◆ **WORK INSTRUCTIONS**: How do the records below read from their first line through the line containing "Al B. Sure!"? Write those lines out exactly.

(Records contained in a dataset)
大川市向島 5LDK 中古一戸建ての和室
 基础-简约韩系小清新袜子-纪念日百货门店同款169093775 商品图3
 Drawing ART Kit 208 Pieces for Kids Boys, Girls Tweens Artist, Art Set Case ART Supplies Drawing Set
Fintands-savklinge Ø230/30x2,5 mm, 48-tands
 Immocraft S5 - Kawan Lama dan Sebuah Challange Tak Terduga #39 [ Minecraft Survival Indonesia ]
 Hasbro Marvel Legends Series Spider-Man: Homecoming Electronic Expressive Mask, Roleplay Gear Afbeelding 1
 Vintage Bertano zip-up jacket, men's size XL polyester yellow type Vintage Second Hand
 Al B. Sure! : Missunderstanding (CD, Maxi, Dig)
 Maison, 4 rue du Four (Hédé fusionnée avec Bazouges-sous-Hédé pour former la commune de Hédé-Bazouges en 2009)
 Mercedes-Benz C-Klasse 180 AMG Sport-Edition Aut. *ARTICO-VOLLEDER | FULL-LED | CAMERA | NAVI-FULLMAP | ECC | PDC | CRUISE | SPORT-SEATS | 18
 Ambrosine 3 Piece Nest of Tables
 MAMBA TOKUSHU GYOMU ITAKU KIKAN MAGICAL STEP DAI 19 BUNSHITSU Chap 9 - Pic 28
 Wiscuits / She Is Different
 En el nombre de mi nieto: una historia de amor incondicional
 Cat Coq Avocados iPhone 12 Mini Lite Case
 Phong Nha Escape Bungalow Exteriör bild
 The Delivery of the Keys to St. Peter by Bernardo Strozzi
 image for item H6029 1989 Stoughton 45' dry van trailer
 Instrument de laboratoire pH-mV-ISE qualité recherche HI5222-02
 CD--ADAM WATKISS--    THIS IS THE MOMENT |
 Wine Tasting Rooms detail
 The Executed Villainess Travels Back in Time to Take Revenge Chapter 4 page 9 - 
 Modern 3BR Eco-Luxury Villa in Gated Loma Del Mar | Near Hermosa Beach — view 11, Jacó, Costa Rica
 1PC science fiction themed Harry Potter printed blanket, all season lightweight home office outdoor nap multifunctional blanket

◆ **TASK RESPONSE**:
大川市向島 5LDK 中古一戸建ての和室
 基础-简约韩系小清新袜子-纪念日百货门店同款169093775 商品图3
 Drawing ART Kit 208 Pieces for Kids Boys, Girls Tweens Artist, Art Set Case ART Supplies Drawing Set
Fintands-savklinge Ø230/30x2,5 mm, 48-tands
 Immocraft S5 - Kawan Lama dan Sebuah Challange Tak Terduga #39 [ Minecraft Survival Indonesia ]
 Hasbro Marvel Legends Series Spider-Man: Homecoming Electronic Expressive Mask, Roleplay Gear Afbeelding 1
 Vintage Bertano zip-up jacket, men's size XL polyester yellow type Vintage Second Hand
 Al B. Sure! : Missunderstanding (CD, Maxi, Dig)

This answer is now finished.